A display of the car Matt Kenseth will drive at Kansas Speedway was in the Roush Fenway Racing museum Tuesday.

He said he wouldn’t be arriving with any setup or technical ideas from his last stop.

“I don’t have any of that stuff, and I wouldn’t bring it any way,” he said. “It’s not really the way I do things. Until you get in the car and get going and get a feel for everybody, I have no clue where we’re at until we get on the track and get going from there. So I don’t have a lot of ideas until we really get going and get through Friday.”

Kenseth also will be learning a new team this weekend. He said he worked an Xfinity race with crew chief Matt Puccia “many moons ago” but knows him well as a longtime Roush employee.

“I think the goals are the same as everywhere,” he said. “You want to win, you want to make everything better. I think Ricky is showing a lot of speed this year at a lot of different places. He doesn’t have all of them translated into finishes, but he’s been pretty fast at a lot of places. His team has been really good. Feels like they’re definitely on an upswing. It’s hard to evaluate a lot of that until I get really more ingrained in the system, and that’s hard to do until you get racing a few weeks.”

Though he won at Phoenix Raceway last season in his penultimate start of 2017, the expectations at Kansas will be modest for Kenseth, who joked he will “go around in circles as fast as you can. Some things never change.
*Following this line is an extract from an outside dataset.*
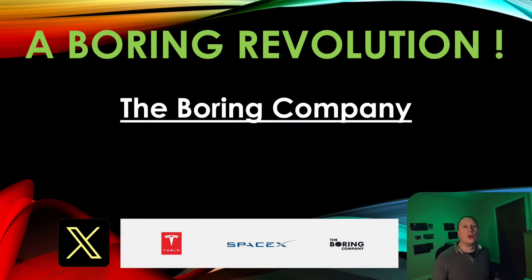Hello, welcome back to Boring Revolution, your number one news source for everything in regards to the Boring Company. Lots of progress in Las Vegas — sadly it's all below the surface, not much to show you, but we know the progress has been really good.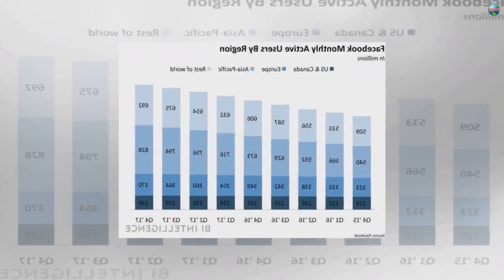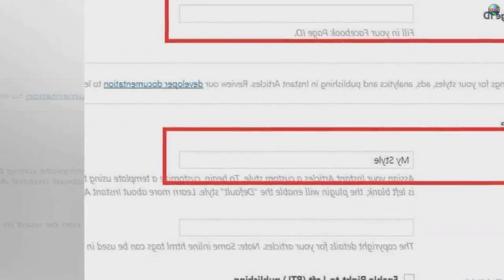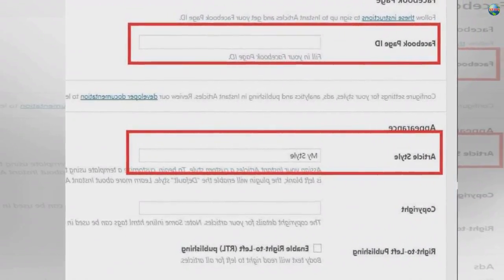The social network has faced intense scrutiny over its handling of the spread of misinformation on the platform. Earlier this month the company published its internal enforcement figures for the first time, which highlight how much material was removed from the site. It included estimations from the firm that 3% to 4% of its 2 billion active users were fake accounts.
“I can’t say I have a particular (finish) in mind,” he said. “Obviously I want to go there and learn as much as I can and be productive and not look stupid when you get back in the car the first time. You want the weekend to go smooth, and you want everything to go right. Especially Friday. Anything can happen on race day. I have a little bit anxiety about Friday just not being in the car and making sure everything is going to fit right, the dash is right, working with the spotter.

“All those things give you a little bit of anxious moments until you get through Friday. So I’m looking forward to getting through practice and getting qualified and getting ready to race from there.”

His record at Kansas – two wins and 13 top 10s in 24 starts on the 1.5-mile oval – also offers some confidence.

“I’d like to go there and start off strong and run strong, but it’s hard to know what to expect until you get in the car and actually drive it,” he said. “It’s impossible to even predict if we’re going to be 25th or fifth. I don’t have any idea until I get in the car and get to working on it and go from there and see where our speed is.”